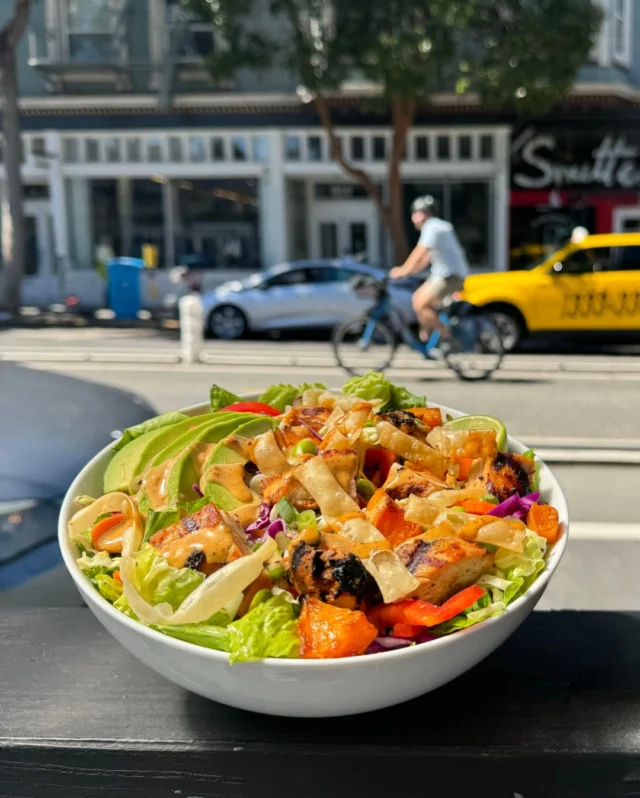 The protein boost hiding in plain sight: edamame As a complete protein, it contains all nine essential amino acids — making it a powerhouse for muscle repair, sustained energy, and staying satisfied longer.You can find edamame in our Jing’s Chili Crisp Salad (35g protein), Bachan’s Bowl (45g protein), or add it to your DYO for an extra source of clean, plant-based protein.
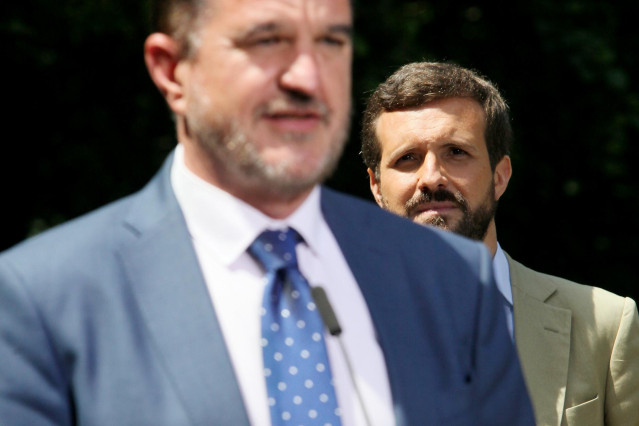 Archivo - El presidente del PP vasco, Carlos Iturgaiz (i), en una intervención junto al presidente del Partido Popular, Pablo Casado (d), durante una visita a la empresa Viralgen, dedicada al sector biofarmacéutico, en San Sebastián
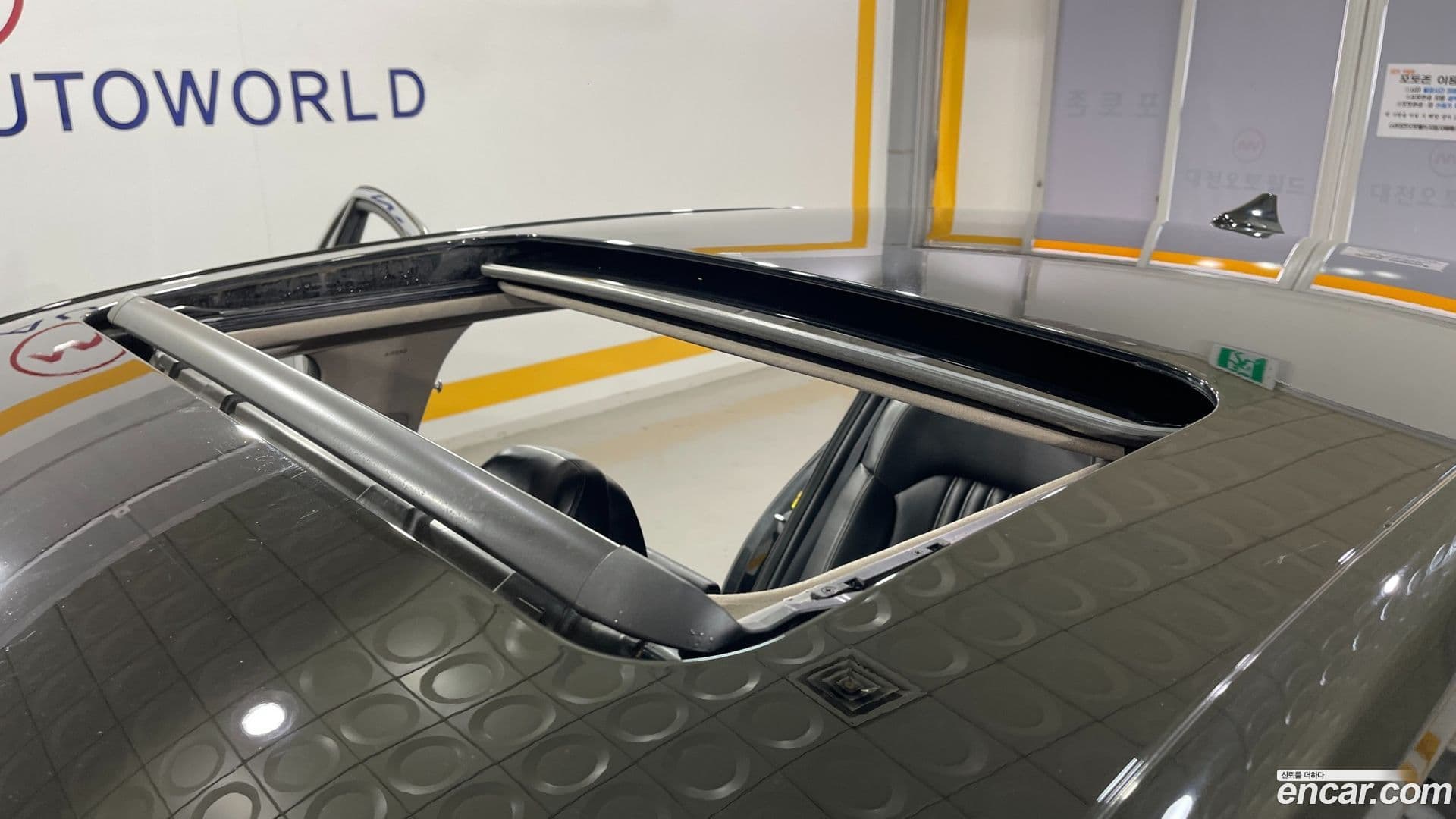 Main__Slider__Photo:EQ900 Genesis 2016.0-7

Exercise directions ▸ The required output is the lines from the one containing "Archivo - El" through the end of the data, printed exactly, with no pictures.

Solution for this exercise ▸
 Archivo - El presidente del PP vasco, Carlos Iturgaiz (i), en una intervención junto al presidente del Partido Popular, Pablo Casado (d), durante una visita a la empresa Viralgen, dedicada al sector biofarmacéutico, en San Sebastián
 Main__Slider__Photo:EQ900 Genesis 2016.0-7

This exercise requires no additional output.